Uri Verner (CS, Technion)
Wednesday, 21.1.2015, 11:30
Two problems with parallel summation of floating-point numbers on GPUs are loss of precision and non-reproducible results. The precision loss is due to round-off error propagation, and the lack of bit-accurate consistency across platforms and setups can be attributed to the non-associative nature of floating-point addition.
To address these problems, we implemented a new method for efficient bit-accurate parallel summation of double-precision numbers on GPUs. This method provides the summation result with full precision, i.e., without round-off error. Thus, it provides the same result on all architectures and execution setups. We see two main uses for this method: (1) algorithms that benefit from extended precision, such as iterative linear solvers (QUDA, AMGX), and (2) where reproducible results are required, such as in cross-platform libraries, for tuning of execution parameters with result validation, etc.

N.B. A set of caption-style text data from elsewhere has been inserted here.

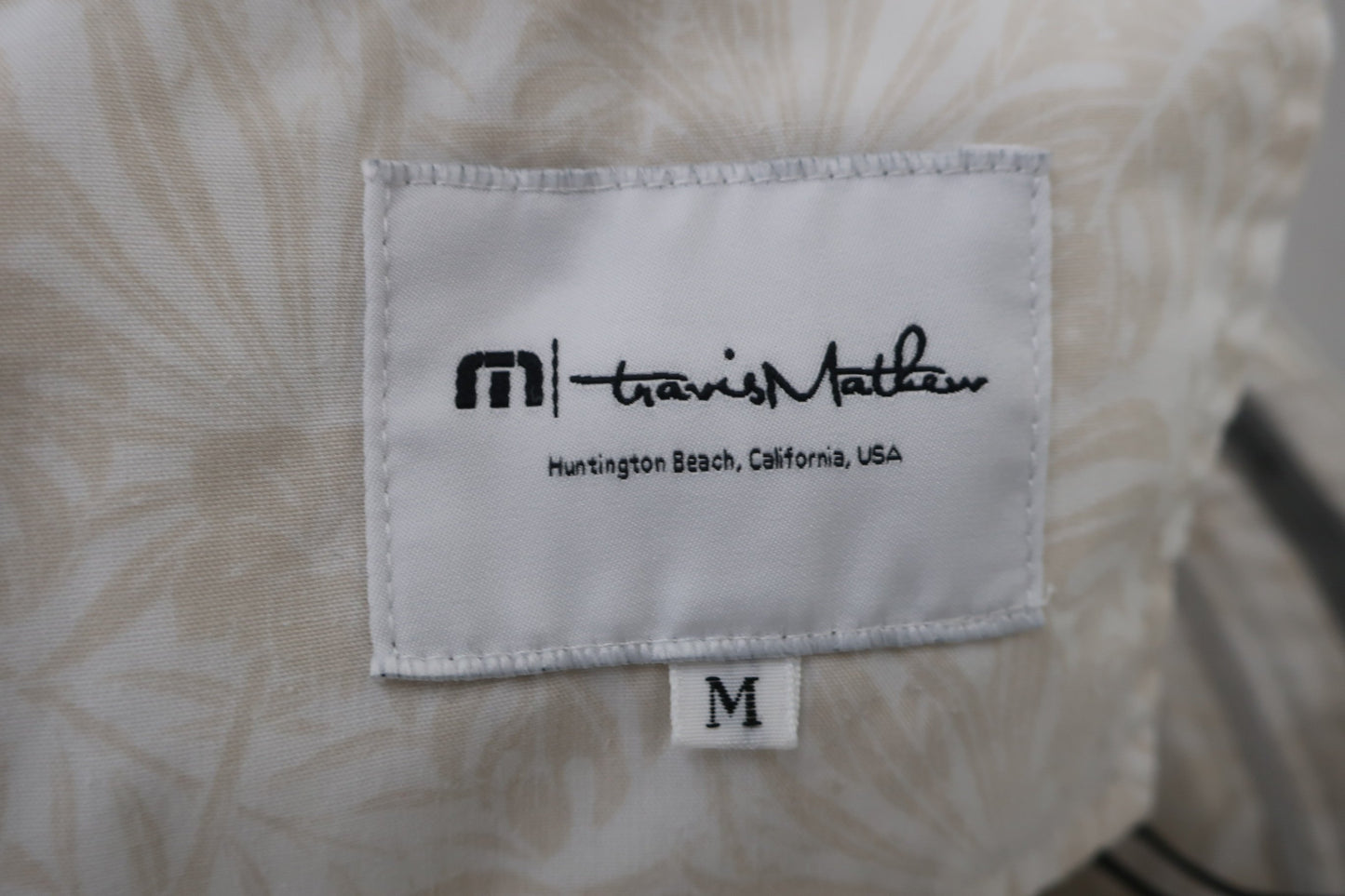 Travis Mathew パンツ 白 メンズ M B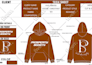 design hoodie and make tech pack
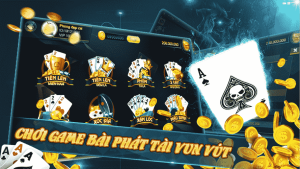 Cùng phát tài với game bài đổi thưởng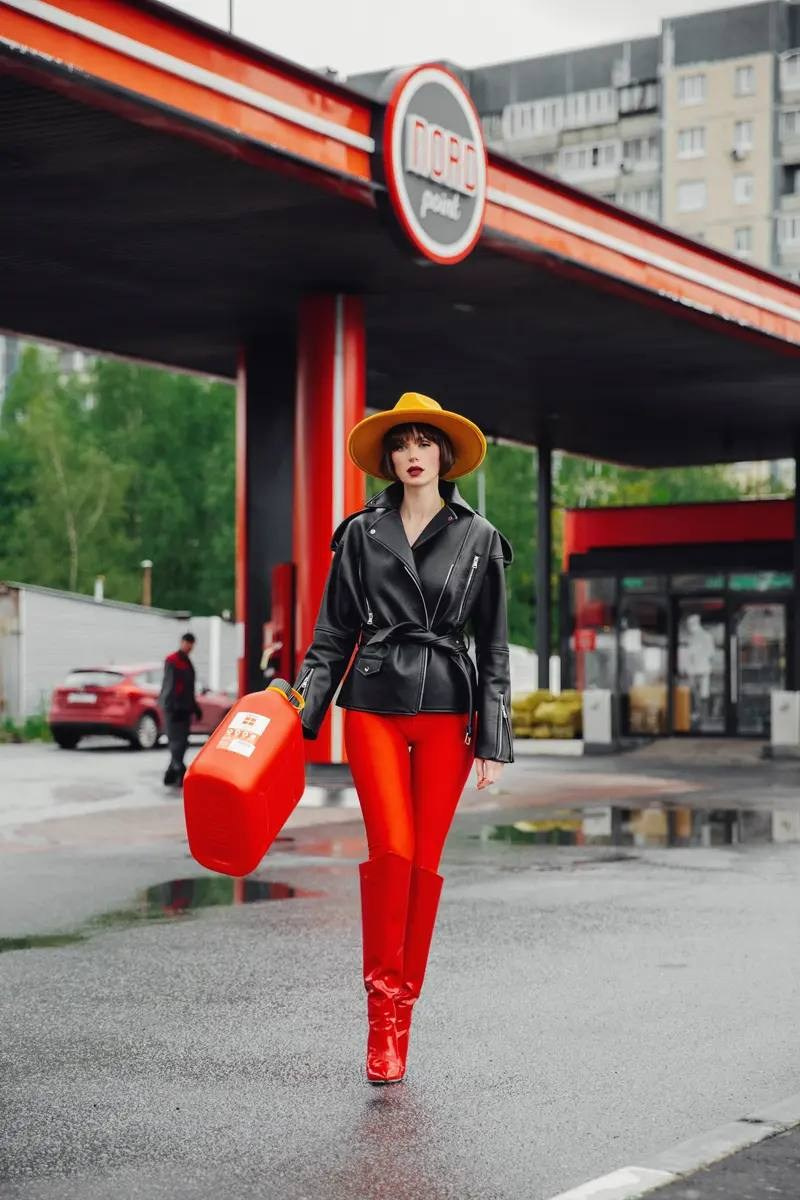 Refill Station. Персональный стилист Анастасия Фомина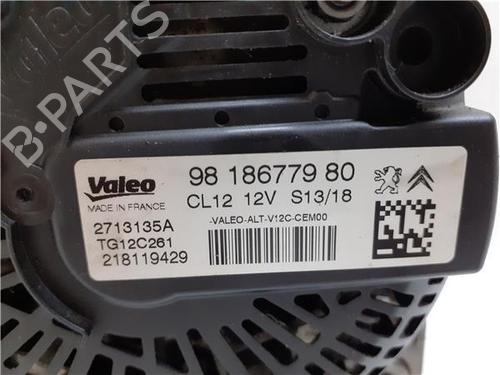Alternator CITROËN C-ELYSEE (DD_) 1.2 VTi 82 | BP38360636M7 - Image 3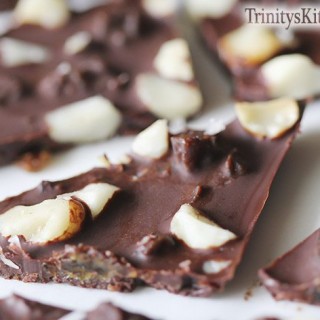 Fruit n' Macadamia Nut Chocolate Recipe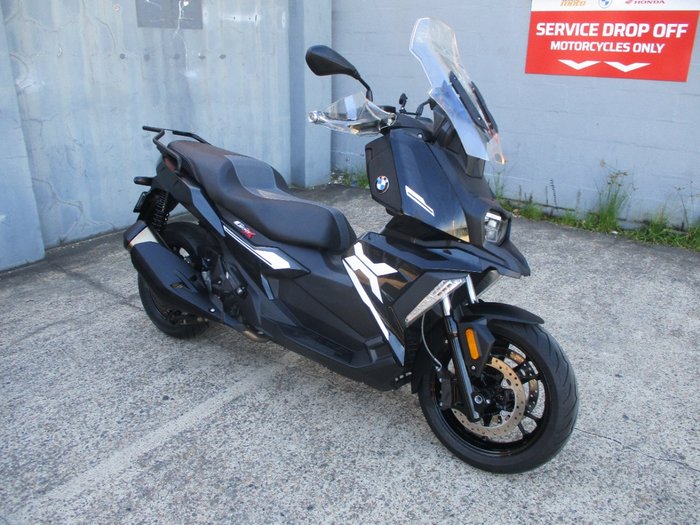 2021 BMW Motorrad C 400 X BLACK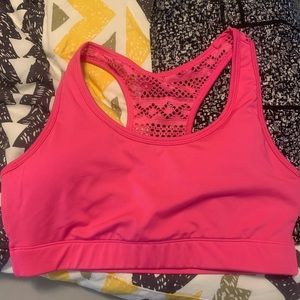 ZYIA ACTIVE Pink Bomber Bra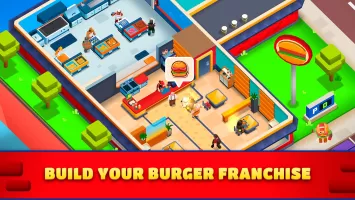 Idle Burger Empire Tycoon—Game MOD APK
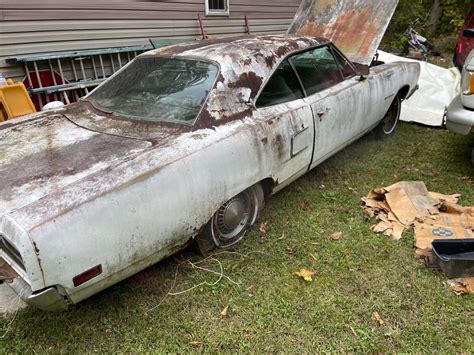 Plymouth Satellite Coupe Green Rwd Automatic Sport Classic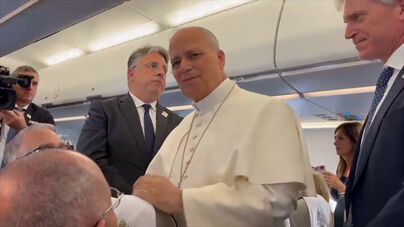 «Creio que muitos vão escolher Bad Bunny»: Papa 'compete' com outra celebridade de visita a Madrid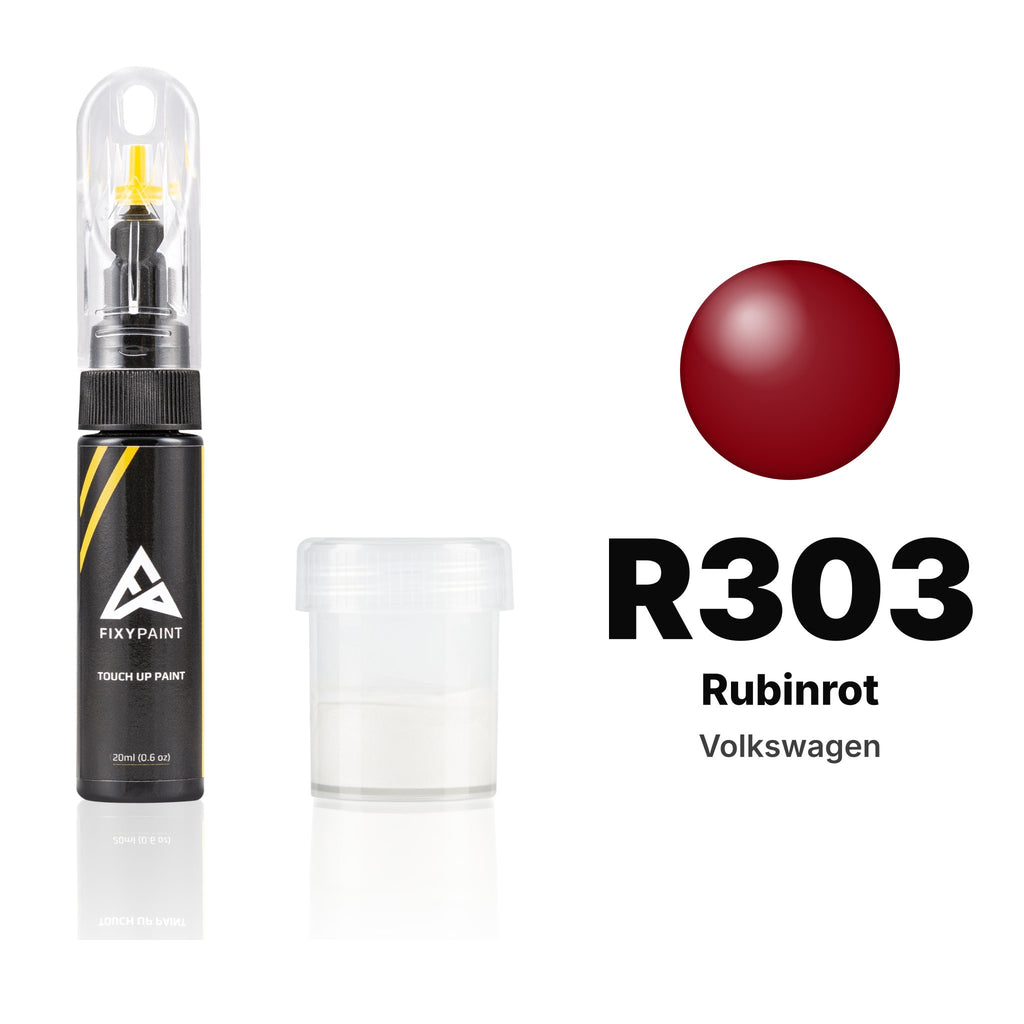 Touch-up paint for Volkswagen R303 Rubinrot, Standard kit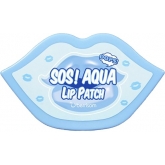 Увлажняющая маска-патч для губ Berrisom Sos Oops Aqua Lip Patch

Uri Verner is a PhD student at the Department of Computer Science in the Technion, where he is advised by Professors Assaf Schuster and Avi Mendelson. His research interests include theoretical and practical aspects of real-time data-stream processing in GPU-based systems, and his publications on the subject address computation and communication scheduling. After completing his BSc studies, Uri continued towards a PhD in the direct track in the same institution. Uri interned at NVIDIA during Summer 2014, where he initiated the work presented in this talk.